Our approach is intended to avoid three broad traps people commonly fall into, both when relying on intuition and when running naive analysis: neglecting context, misunderstanding chance and holding opinions with too much confidence.

At each step in our analysis we pay attention to the context for performance. This ranges from high-level considerations such as homefield and quality of competition, to details such as a 3-yard gain meaning something different on 3rd-and-2 than on 3rd-and-4. By doing this we are avoiding the well-known tendency to discount situational factors when explaining others’ behavior. Adjusting statistics in this way provides a much better look at actual performance.

Perhaps the biggest trap we avoid is “outcome bias”, the tendency to evaluate a decision by its ultimate outcome as opposed to the quality of the decision given the information available at the time. Our goal is to project future performance so it is critical that we not over-emphasize wins and losses given the wide range of chance events that help determine them. Our chief way of doing this is to weigh performance statistics by their predictive ability. That is, their ability to predict out-of-sample performance rather than describe in-sample performance. The canonical example is recovered fumbles, which greatly influence the outcome of games, yet are completely random. Because they are random they have no predictive power, and any stat heavily influenced by fumbles recovered (or many other chance events) will carry less weight in our model than in models based on descriptive analysis.

The most unique aspect of our ratings is that they grow in confidence as the season progresses. This merely reflects the amount of data on which they are based. This approach prevents the rankings from either under-reacting to early-season performance due to pre-season expectations, or over-reacting due to reading too much into a handful of games. Overall it keeps us from being overconfident, one of the most important and ubiquitous judgment biases.

General Approach

We use only four statistics – one each for rushing, passing, scoring and play success. Rather than creating esoteric new stats (not that we aren’t occasionally impressed with those), we focus on “cleaning up” these relatively basic stats and then finding the appropriate weight for them in our model.

Our model is extremely “bottom up”. Meaning it is built as much as possible from play-level data rather than game-level data. This is intended to take advantage of there being more information about team performance at the micro level, and to avoid mistakenly or unknowingly including noise in our measures.

Some Specific Steps

We begin with play-by-play data.

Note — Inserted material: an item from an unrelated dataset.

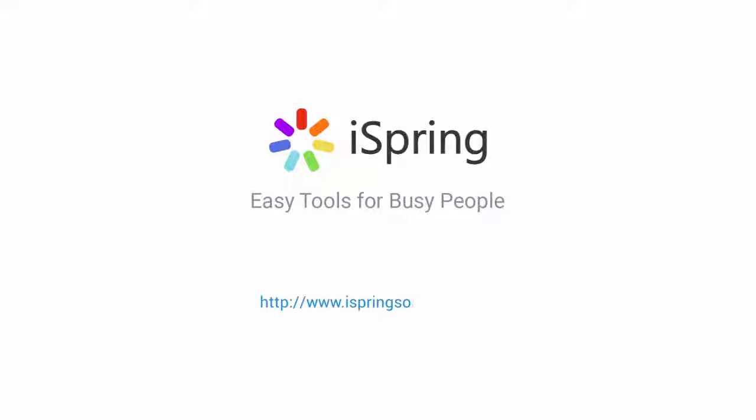Did you like this video? Give it a like, and subscribe to the iSpring YouTube channel for more updates.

Inputs and considerations include:

  • We adjust all stats for homefield.
  • We discount plays for game situation (e.g., score difference and time remaining).
  • We norm each team-game statistic for opponent and league-wide performance.
  • We weigh each statistic by its ability to predict out-of-sample performance.
  • We discount historically distant weekly performance for non-stationarity.


One of our missions with these rankings is to proselytize better, unbiased reasoning and analysis. It matters in far more than football.